- RECORDS

=== Section Start ===

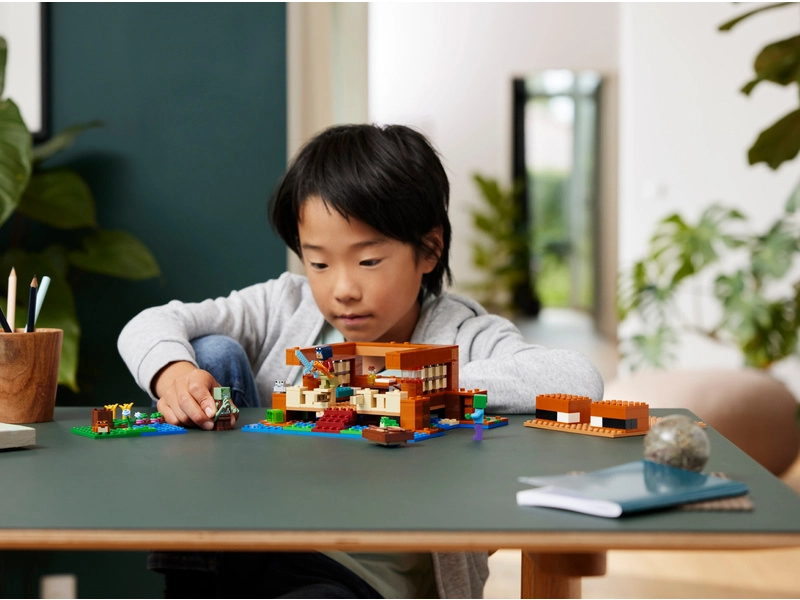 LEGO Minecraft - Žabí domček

=== Section End ===
=== Section Start ===

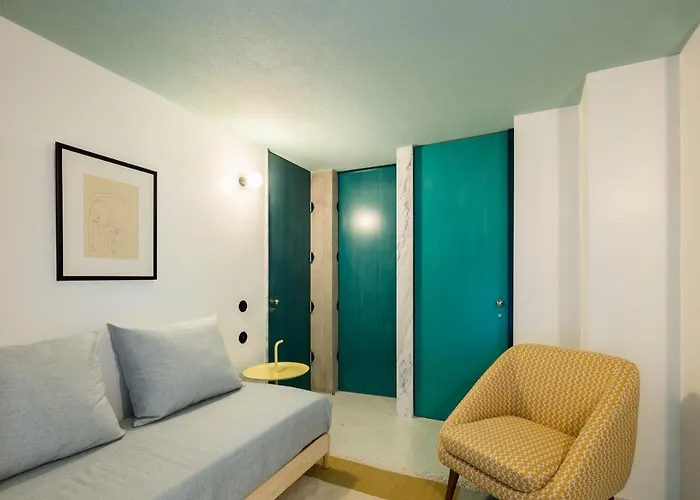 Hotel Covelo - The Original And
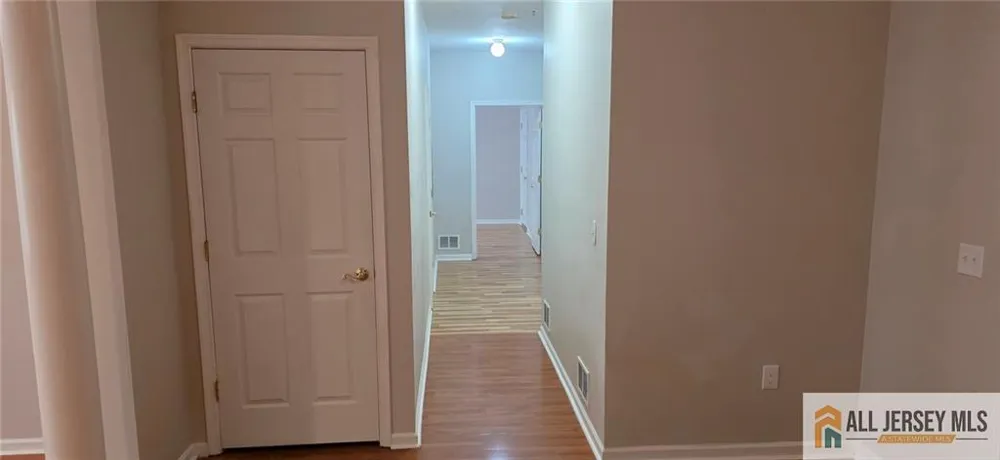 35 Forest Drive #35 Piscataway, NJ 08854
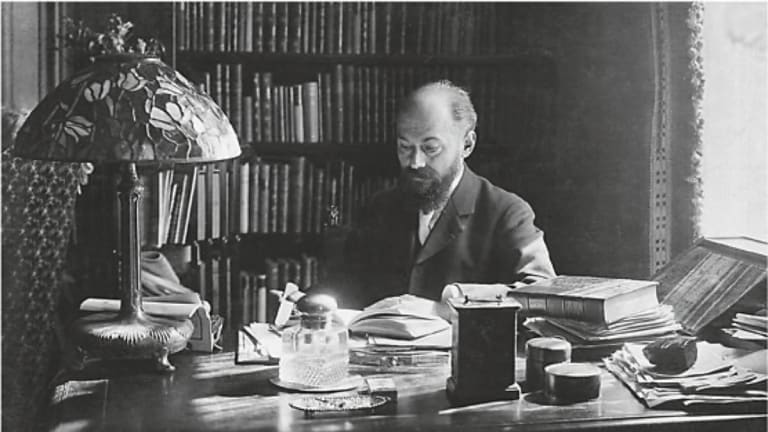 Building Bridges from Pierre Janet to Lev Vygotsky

=== Section End ===

- ACTION ITEM
From the material above, output only the span of lines that starts at the one containing "Hotel Covelo - The Original And" and finishes at the one containing "Building Bridges from", word for word and free of pictures.

- SOLUTION
 Hotel Covelo - The Original And
 35 Forest Drive #35 Piscataway, NJ 08854
 Building Bridges from Pierre Janet to Lev Vygotsky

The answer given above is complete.